Rus Lane, director of wildfires for the Washington State Department of Natural Resources, explains how some key fire decisions are made.
Why do firefighters burn some wild animals?
Sometimes fires in the desert or in a national park serve as an important land management goal.
Fire is part of the natural forest cycle, and Len, who worked as a firefighter during the 35th season, produced most of it in Western Oregon. A.D. He joined the Washington Natural Resources Agency in 2019.
Wildfires also sometimes occur in areas where firefighters are not available.
When do firefighters deploy the flight?
If wildfires or helicopters are used in wildfires, Len said, they are the best way to send ground forces or to deliver or delay aircraft.
“You want it to burn quickly, so it stays small,” Lane said.
The goal is to keep them out of the fire. In the case of fire, the California Fire Department covers an average of 95% of fires up to 10 acres (4 acres) or less.
Lane said, however, that airplanes alone are often not enough to put out fires. He takes his shoes off the ground.

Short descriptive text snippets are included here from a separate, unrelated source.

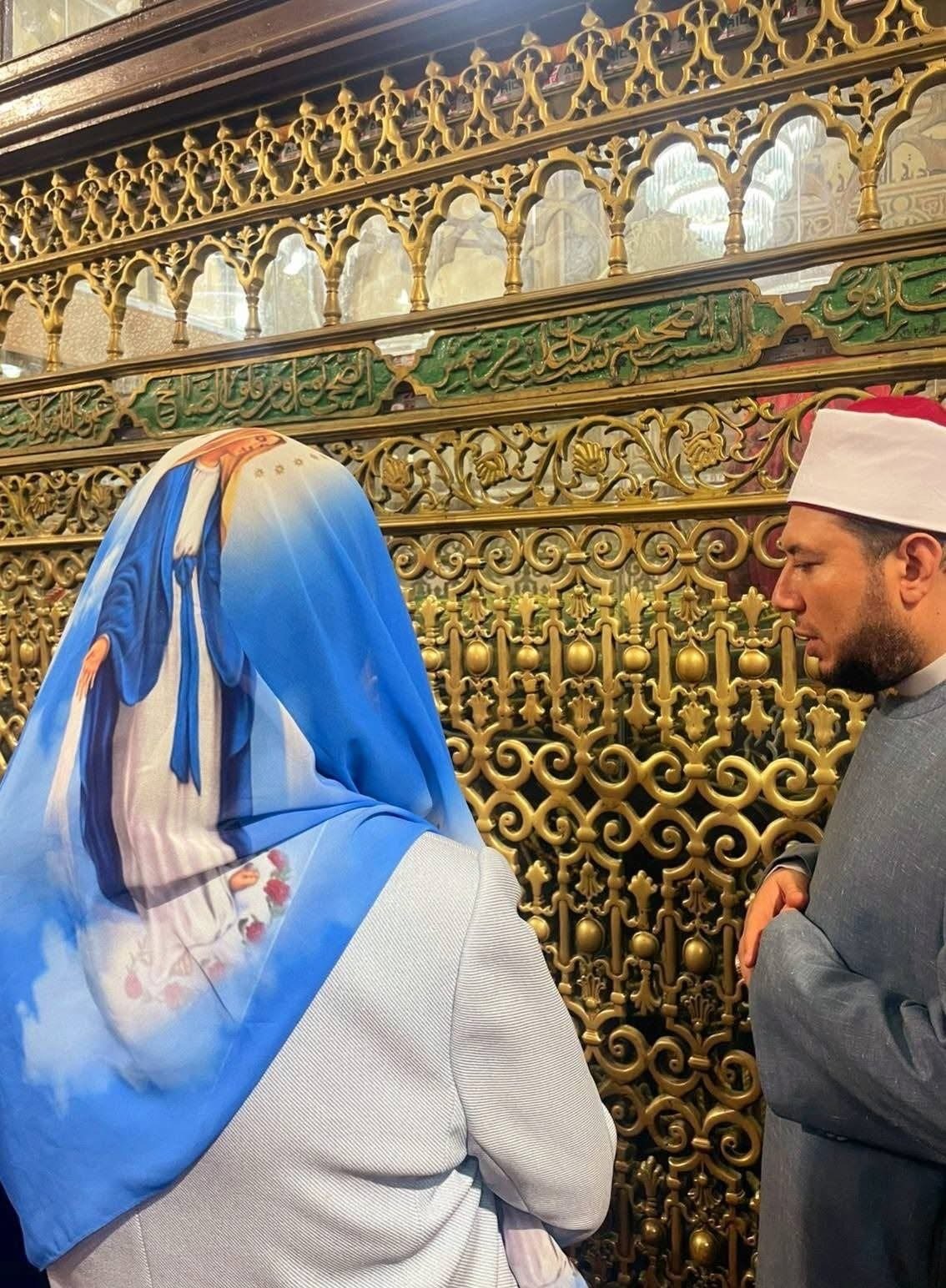 طرحة عليها صورة السيدة مريم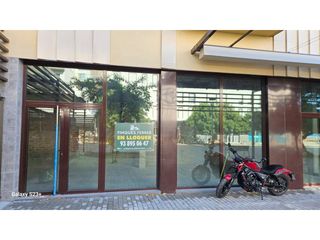 Lloguer Local Comercial a Calle jaume i 125-133. Local exterior a estrenar en planta baja en zona mota de sant pe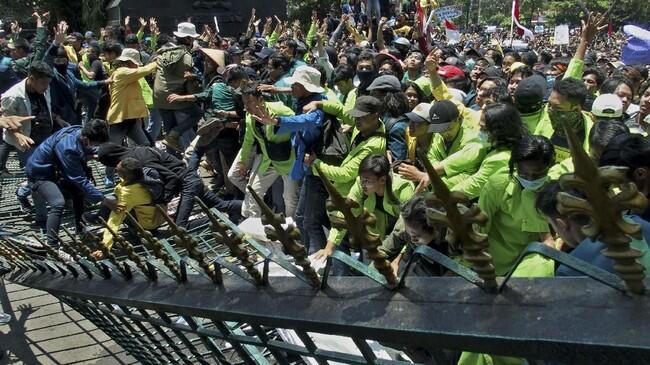 FOTO: Bentrokan saat Demo Mahasiswa di Seluruh Indonesia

Airplanes may also face a number of visual limitations when attempting to drown in a wildfire.
How has technology helped?
When it comes to early detection, one invention replaces remote-controlled fire towers with remote cameras, many of which are equipped with high-quality and artificial intelligence to detect morning smoke. There are 800 such cameras scattered throughout California, Nevada, and Oregon.

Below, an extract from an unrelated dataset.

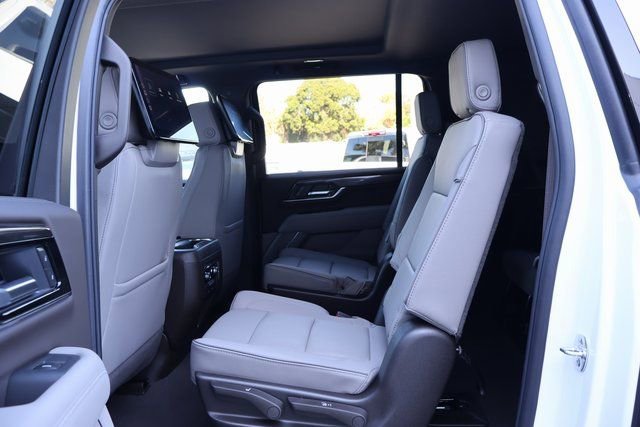 New 2026 GMC Yukon XL Elevation w/ Elevation Premium Package RWD image 15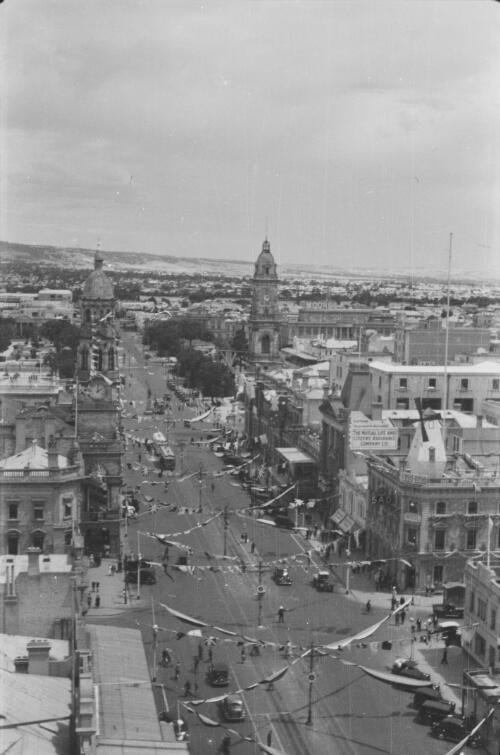 View looking down along King William Street, Adelaide, South Australia, December 1936, 3 / Bruce Mauger Watson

Firefighters also regularly call in military drones to set fire to the fire at night, using thermal imagery to control their borders and hot spots. You can use satellite imagery to plan for smoke and ash.
What is the best time of day to attack a flame?
In general, summer heat is not the best time to fight wildfires.
“We are very successful in the morning, in the evening, or in the evening,” says Lane.
Are wild animals difficult to fight in the forest or in the pasture?
Dry lightning puts dozens of fires on the ground, Lane said, and the weather is the main reason.
Wildfires in the plains are growing rapidly, and are more vulnerable to spreading when there are high winds, Len said. Fires in wood forests do not grow rapidly, but they are more difficult to extinguish.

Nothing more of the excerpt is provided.